According to McKinsey research, analysis of unstructured data—audio, text, and images—has strong future potential because of the volume stored and the relatively little investigation done so far.
This document presents an exploratory analysis of unstructured text extracted from PDFs, focusing on two key administrative instruments: decrees and resolutions issued between 2000 and May 2020. The exploratory work links macroeconomic and health indicators to surface inputs for future causal and correlation studies.
The following questions motivated the analysis:
- Over the last 20 years, several global health crises have occurred. Do the data reflect Colombia’s regulatory and control responses?
- Public health spending has fluctuated in recent years. Do the documents reflect that policy shift?
- As a country generates more income, social welfare and health coverage tend to rise. Do the data reflect coverage dynamics in Colombia?
- Can administrative acts since 2000 help explain the rise in affiliations under both the contributory and subsidized regimes?
1. Methodology
Scraping
Scraping is split into two notebooks: Scrapping_Decretos_MinSalud.ipynb for decrees and Scrapping_Resoluciones_MinSalud.ipynb for resolutions.
Each script has two stages:
- Fetch record counts, year, and year index to drive page scraping.
- 558 decrees — Decretos MinSalud
- 1,406 resolutions — Resoluciones MinSalud

Vertical lines mark presidential transitions.
- With Selenium, simulate clicks on the ministry site to collect each document link for later download. Each notebook documents the flow with illustrative screenshots.
For this step you also need the ChromeDriver executable: Chromedriver for Selenium
The goal is to collect PDF URLs for all resolutions published on the ministry website and export them to Excel via a DataFrame.
PDF download and text transcription
Download and transcription are also split: Decree PDF download notebook and Resolution PDF download notebook.
Each script:
- Downloads every document listed on the ministry site using URLs from the scraping notebooks, via
urllib. - Transcribes PDFs to text and flags documents under 200 words—often scanned images—converting them to Word and re-exporting PDF when needed.
The output is a text DataFrame exported to Excel for analysis.

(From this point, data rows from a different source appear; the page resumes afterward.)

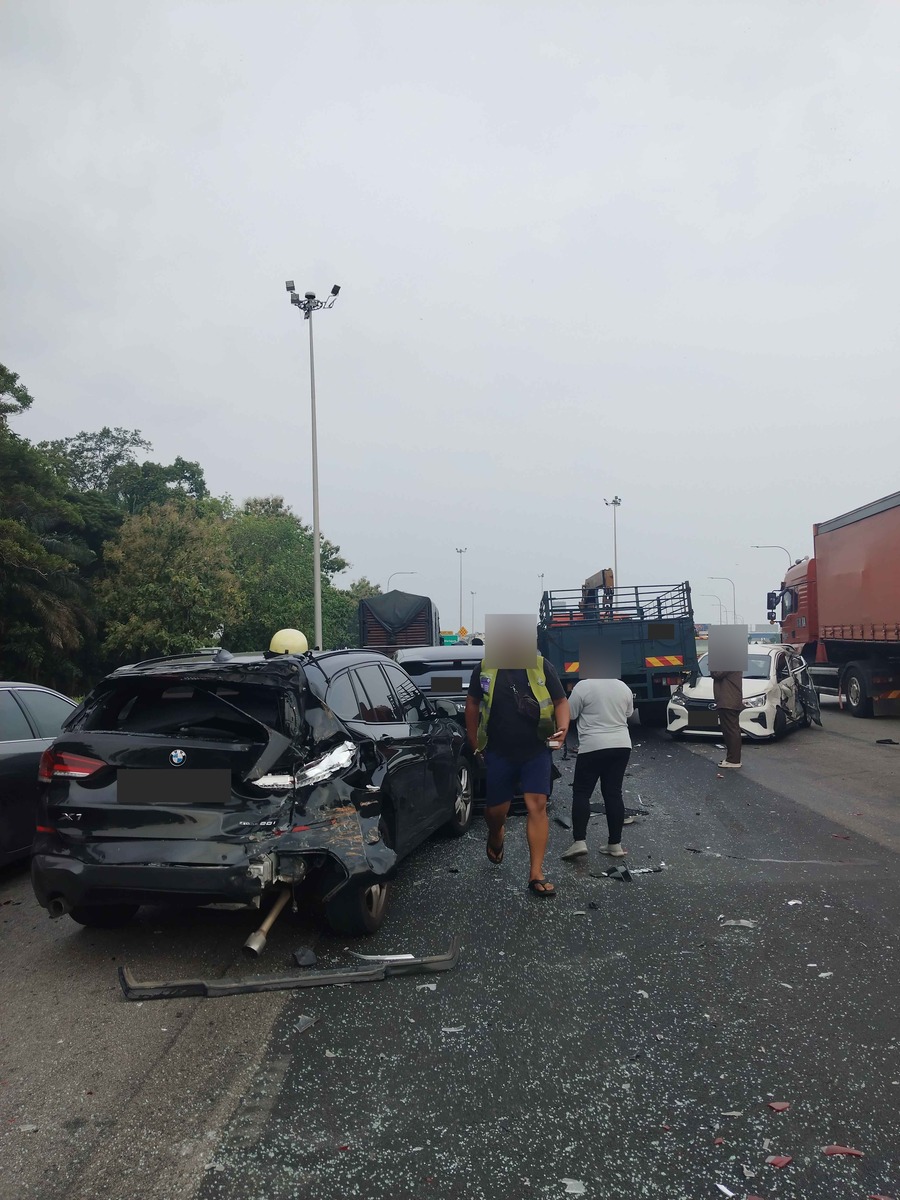 The car after the accident; number plates and bystanders have been obscured for privacy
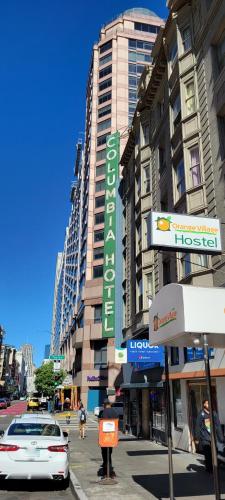 a city street with cars parked in front of a building at Orange Village Hostel in San Francisco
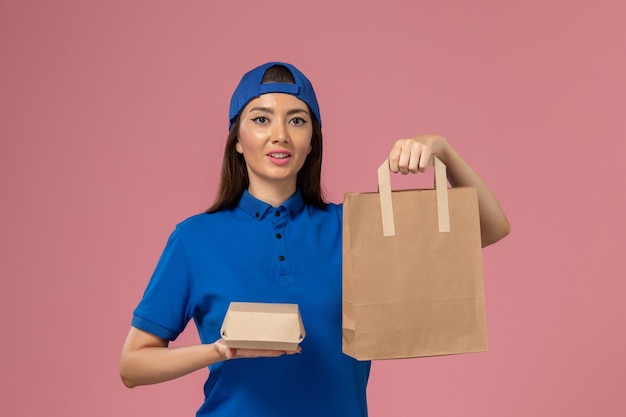 Mensajero femenino de vista frontal en capa uniforme azul sosteniendo diferentes paquetes de entrega en la pared rosa, empleado de servicio entregando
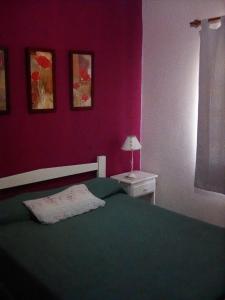 康考迪亚Cabañas de Ayui的一间卧室设有绿色的床和粉红色的墙壁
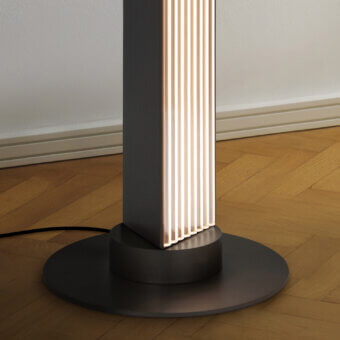 Elegant Contardi Stick floor lamp with sleek dark gray metal and skillfully modulated ribbed glass diffuser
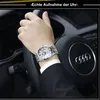 A person's hand wearing a watch is on the steering wheel of a car. Produktbild-Vorschau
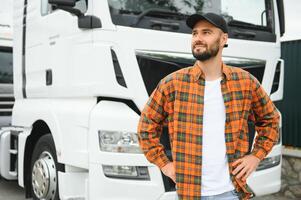 Portrait of young bearded man standing by his truck. Professional truck driver standing by semi truck vehicle. photo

Consolidation and cleaning
Using Pandas, NLTK, scikit-learn, and Matplotlib, the transcribed corpora are cleaned and enriched. Four keyword dictionaries were built for:
- Epidemics
- Coverage
- Intervention
- Fraud
2. Analysis
Full analysis code: Analisis_textos.ipynb

Macro health indicators for Colombia came from:
- Health spending and physicians/nurses per 1,000 inhabitants — World Bank
- Coverage series — Ministry of Health
Coverage:
Figure 1.
Figure 2.
Figure 3.
Each vertical line marks a change of Health Minister. Figure 1 shows a rising trend in coverage-related language, with a sharp peak under Alejandro Gaviria’s tenure—consistent with the coverage percentages in Figure 3 for both subsidized and contributory regimes.
Epidemics:
Figure 4.
Interventions:
Figure 5.
Fraud and litigation:
Figure 6.
Figure 7.
Despite rising coverage and document emphasis on that theme (Figures 1–3), decrees and resolutions also highlight interventions in public health institutions and fraud/litigation—especially after the niña phenomenon—suggesting sector inefficiencies and possible corruption. Figure 7 shows that although health spending as a share of GDP rose over 20 years, per-capita spending fell sharply in 2015.
Future work should investigate corruption and diversion of public funds.
Suggested follow-up research:
- Analyze correlations and external effects such as corruption in this regulatory body.
- Run causal analysis of inefficiency indicators at health centers by year and link them to intervention counts.
- Study pensioner and subsidized enrollment dynamics over time and test statistical significance against coverage growth.